The multi-agent simulation platform provided by the embodiment of the invention is limited in a certain space (10 x 10 grids), so that the waiting time of the algorithm training process is reduced. The pixel point and the unit length attribute are fused to the minimum unit square of the simulation environment, and the defect that the existing method can only be based on one state information (image pixel or physical quantity) is overcome. Meanwhile, a user-defined interface is provided, and a user can modify the scene to a certain extent according to the self requirement to meet the test requirement of the algorithm.

The above description is only for the purpose of illustrating the preferred embodiments of the present invention and is not to be construed as limiting the invention, and any modifications, equivalents and improvements made within the spirit and principle of the present invention are intended to be included within the scope of the present invention.

Claims

1. A multi-agent simulation method, characterized in that the method comprises the steps of:

2. The method of claim 1, wherein in the step S4, each moving target of the agent is one of the upper, lower, left and right squares of its current square.

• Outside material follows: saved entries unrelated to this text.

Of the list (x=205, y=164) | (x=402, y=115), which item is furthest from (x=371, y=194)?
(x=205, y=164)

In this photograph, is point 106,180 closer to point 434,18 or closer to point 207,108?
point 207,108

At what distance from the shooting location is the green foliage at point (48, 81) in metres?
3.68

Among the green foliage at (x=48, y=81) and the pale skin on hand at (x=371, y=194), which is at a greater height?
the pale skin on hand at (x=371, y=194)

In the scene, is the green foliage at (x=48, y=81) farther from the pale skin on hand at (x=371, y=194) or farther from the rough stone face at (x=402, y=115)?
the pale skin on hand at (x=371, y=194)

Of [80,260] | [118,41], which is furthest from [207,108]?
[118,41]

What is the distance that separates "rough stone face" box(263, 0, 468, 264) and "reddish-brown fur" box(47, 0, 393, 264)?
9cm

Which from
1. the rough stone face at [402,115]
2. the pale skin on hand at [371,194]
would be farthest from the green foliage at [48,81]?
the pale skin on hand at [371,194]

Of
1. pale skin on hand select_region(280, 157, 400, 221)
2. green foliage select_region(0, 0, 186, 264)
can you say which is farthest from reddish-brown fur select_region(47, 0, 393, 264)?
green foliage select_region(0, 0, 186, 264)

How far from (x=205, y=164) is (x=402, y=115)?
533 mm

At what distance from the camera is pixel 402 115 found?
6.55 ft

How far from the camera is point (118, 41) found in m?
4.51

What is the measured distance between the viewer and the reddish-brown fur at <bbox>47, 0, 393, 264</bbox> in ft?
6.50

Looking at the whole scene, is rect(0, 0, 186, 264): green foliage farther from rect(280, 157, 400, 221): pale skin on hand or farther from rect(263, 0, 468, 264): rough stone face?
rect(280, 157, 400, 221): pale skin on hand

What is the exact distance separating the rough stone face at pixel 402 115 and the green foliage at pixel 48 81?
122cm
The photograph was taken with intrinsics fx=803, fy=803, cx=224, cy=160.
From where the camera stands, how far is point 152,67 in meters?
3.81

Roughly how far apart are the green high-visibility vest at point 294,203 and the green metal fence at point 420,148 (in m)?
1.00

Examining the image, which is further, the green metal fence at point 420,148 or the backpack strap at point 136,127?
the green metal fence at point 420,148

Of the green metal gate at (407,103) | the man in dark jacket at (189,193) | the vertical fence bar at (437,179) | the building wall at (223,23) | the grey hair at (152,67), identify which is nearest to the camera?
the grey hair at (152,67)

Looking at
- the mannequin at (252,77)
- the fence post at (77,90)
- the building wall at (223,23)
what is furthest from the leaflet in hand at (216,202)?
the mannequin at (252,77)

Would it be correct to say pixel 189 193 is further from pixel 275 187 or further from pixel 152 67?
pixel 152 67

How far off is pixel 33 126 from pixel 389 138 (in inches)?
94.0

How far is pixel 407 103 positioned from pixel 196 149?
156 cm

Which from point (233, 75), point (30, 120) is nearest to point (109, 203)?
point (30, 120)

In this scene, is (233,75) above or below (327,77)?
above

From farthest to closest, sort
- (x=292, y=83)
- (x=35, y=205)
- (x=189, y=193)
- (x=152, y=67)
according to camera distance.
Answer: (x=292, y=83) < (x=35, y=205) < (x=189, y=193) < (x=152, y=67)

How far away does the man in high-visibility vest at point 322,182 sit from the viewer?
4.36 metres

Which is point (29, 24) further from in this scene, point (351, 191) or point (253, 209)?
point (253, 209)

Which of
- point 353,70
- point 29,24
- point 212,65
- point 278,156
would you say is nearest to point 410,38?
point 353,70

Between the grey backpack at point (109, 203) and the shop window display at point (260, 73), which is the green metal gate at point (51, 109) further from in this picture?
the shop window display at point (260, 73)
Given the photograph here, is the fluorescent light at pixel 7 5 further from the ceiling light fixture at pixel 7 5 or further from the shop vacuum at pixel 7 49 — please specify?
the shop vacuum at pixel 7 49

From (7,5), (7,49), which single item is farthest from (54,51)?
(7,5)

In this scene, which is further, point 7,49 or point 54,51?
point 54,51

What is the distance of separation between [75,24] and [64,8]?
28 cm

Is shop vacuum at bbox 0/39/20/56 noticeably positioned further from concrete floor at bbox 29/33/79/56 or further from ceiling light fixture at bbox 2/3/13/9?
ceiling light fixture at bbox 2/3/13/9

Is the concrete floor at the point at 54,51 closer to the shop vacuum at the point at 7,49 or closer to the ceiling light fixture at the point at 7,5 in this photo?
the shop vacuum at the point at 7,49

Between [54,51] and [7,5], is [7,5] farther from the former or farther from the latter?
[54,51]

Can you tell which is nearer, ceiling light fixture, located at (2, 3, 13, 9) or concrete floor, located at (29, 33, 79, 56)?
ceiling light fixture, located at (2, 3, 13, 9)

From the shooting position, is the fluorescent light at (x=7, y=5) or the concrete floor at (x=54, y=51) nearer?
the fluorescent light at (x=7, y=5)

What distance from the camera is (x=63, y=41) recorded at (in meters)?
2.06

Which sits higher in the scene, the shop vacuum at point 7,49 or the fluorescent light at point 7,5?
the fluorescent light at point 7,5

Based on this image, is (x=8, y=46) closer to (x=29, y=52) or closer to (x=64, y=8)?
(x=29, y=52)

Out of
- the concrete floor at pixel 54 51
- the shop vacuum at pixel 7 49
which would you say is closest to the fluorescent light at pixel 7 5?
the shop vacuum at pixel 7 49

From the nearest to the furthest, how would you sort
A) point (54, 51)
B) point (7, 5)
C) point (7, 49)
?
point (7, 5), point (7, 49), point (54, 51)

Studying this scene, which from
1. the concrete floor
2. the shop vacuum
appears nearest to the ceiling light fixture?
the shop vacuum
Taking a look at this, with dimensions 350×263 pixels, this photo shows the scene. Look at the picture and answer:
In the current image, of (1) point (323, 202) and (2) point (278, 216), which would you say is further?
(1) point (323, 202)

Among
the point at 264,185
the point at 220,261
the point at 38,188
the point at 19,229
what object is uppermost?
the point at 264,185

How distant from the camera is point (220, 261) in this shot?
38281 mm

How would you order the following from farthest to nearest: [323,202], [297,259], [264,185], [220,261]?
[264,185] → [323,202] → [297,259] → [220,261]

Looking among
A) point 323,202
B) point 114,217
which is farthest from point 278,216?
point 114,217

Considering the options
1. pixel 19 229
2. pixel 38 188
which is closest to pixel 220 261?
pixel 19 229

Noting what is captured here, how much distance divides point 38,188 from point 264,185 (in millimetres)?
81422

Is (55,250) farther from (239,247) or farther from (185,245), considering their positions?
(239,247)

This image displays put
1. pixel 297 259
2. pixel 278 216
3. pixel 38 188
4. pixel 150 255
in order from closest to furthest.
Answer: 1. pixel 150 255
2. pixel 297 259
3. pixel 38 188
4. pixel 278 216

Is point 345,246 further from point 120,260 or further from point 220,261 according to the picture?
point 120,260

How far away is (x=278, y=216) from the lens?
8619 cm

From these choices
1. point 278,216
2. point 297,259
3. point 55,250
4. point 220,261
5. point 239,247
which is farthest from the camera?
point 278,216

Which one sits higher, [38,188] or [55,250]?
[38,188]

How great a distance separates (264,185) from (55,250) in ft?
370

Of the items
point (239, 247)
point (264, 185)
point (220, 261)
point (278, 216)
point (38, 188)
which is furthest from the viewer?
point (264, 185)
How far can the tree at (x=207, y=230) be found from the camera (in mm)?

3. The method of claim 1, wherein in step S4, the scoring comprises: bonus of bonus or penalty of bonus.

4. The method according to claim 1, wherein in step S3, the observation range of the agent is 3 × 3 square areas centered on the square where the agent is located.

5. The method according to claim 1, wherein in the step S2, the number and positions of the agents and the obstacles are determined according to the requirements of the algorithm to be tested or a preset scenario.

6. A multi-agent simulation platform, the platform comprising:

the algorithm unit is electrically connected with the interactive environment unit and is used for loading the algorithm to be tested and receiving the observation information fed back to the algorithm to be tested by the intelligent agent; outputting decision information of the algorithm to be tested on the motion direction of the intelligent agent;

the scoring unit is respectively electrically connected with the algorithm unit and the interactive environment unit and is used for scoring each movement of the intelligent agent according to the task requirement of the algorithm to be tested until the intelligent agent completes the task; feeding back the total task score to the algorithm to be tested; the intelligent agent executes a plurality of tasks, and after the algorithm to be tested is continuously tested and debugged, an optimal strategy is obtained;

7. The platform of claim 6, wherein each motion target of the agent in the interactive environment unit is one of up, down, left, and right of its current pane.

8. The platform of claim 6, wherein the scoring unit to score the smart body exercise result comprises: bonus of bonus or penalty of bonus.

9. The platform of claim 6, wherein the observation scope of the agent in the interactive environment unit is 3x3 square areas centered on the square in which the agent is located.

10. The platform of claim 6, wherein the configuration of the number and location of agents and obstacles by the context unit is determined according to the requirements of the algorithm under test or a preset context.